By Edmond Y. Azadian
Turkish President Recep Tayyip Erdogan is his own worst enemy. He was smart enough to pretend before the rest of the world that his mission was to move his country from the Middle Ages to the modern democratic era. Even Western leaders began to refer to Turkey as a role model for the Islamic world, combining democratic values with Islamic institutions and other Islamic nations were urged to emulate it.
That piece of make-believe allowed Erdogan a lot of latitude to further build up his armed forces through NATO and to develop Turkey’s economy at a dramatic pace.
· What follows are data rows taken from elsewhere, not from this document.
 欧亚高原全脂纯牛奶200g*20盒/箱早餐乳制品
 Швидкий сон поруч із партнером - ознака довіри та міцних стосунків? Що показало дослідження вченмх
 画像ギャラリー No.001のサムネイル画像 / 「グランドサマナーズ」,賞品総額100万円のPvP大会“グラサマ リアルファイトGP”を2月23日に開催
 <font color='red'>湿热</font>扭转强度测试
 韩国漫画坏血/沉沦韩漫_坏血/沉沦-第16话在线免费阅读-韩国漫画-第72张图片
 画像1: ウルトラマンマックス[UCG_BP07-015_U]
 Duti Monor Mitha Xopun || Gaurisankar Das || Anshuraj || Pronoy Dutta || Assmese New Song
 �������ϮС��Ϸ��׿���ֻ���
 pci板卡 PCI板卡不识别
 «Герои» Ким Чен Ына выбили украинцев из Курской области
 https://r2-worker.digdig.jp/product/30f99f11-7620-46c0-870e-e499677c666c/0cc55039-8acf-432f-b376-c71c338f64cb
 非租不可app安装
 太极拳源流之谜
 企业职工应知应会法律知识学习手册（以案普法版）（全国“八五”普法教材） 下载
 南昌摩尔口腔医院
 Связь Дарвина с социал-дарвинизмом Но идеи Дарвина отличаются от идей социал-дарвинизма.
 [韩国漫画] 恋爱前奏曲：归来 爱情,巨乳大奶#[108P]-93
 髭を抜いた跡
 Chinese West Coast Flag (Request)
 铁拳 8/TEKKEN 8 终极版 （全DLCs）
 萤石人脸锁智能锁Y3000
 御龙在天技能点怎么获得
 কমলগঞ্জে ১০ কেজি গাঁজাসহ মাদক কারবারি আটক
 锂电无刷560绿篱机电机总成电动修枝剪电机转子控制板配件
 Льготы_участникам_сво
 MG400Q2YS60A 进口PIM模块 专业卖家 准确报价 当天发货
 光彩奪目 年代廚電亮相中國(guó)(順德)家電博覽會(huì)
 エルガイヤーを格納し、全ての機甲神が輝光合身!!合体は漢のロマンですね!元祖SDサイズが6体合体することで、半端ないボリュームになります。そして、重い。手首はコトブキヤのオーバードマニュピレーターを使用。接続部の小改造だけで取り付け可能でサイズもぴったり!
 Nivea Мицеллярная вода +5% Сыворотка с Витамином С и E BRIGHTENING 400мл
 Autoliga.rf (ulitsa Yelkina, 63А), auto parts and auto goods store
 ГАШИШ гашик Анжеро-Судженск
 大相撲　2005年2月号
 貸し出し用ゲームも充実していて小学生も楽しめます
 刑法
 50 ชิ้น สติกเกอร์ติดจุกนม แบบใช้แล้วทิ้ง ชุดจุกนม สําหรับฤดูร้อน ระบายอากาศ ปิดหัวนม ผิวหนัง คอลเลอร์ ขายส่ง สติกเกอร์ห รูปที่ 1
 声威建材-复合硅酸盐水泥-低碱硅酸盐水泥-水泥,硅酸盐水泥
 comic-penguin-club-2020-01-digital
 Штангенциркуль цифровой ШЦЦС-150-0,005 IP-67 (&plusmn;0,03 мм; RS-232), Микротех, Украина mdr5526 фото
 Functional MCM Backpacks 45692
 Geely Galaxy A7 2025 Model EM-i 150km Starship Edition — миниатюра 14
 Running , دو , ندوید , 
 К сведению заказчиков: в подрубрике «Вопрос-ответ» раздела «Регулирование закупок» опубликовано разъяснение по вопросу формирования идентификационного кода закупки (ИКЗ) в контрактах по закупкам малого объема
But it did not take too long for him to reveal his true face by undoing Mustafa Kemal Ataturk’s secular reforms, bringing back the veil to women and the Koran to the new madreses popping up everywhere.
The Europeanized segment of Turkish society was caught off guard, becoming alienated in its own country. Writers like Nobel Prize-winner Orhan Pamuk and internationally celebrated novelist Elif Shafak found themselves out of place. Erdogan and his AKP party did not mind that alienation as long as they could garner the 51 percent vote from the Anatolian peasants to push back Turkey to the Middle Ages.
Intoxicated by his newly-acquired power, Erdogan began to entertain his Ottoman dreams, domestically repressing the population and internationally bullying allies. However, he painted himself into a corner, where he could only solicit the help of similar authoritarian powers, those in Russia, China and Iran.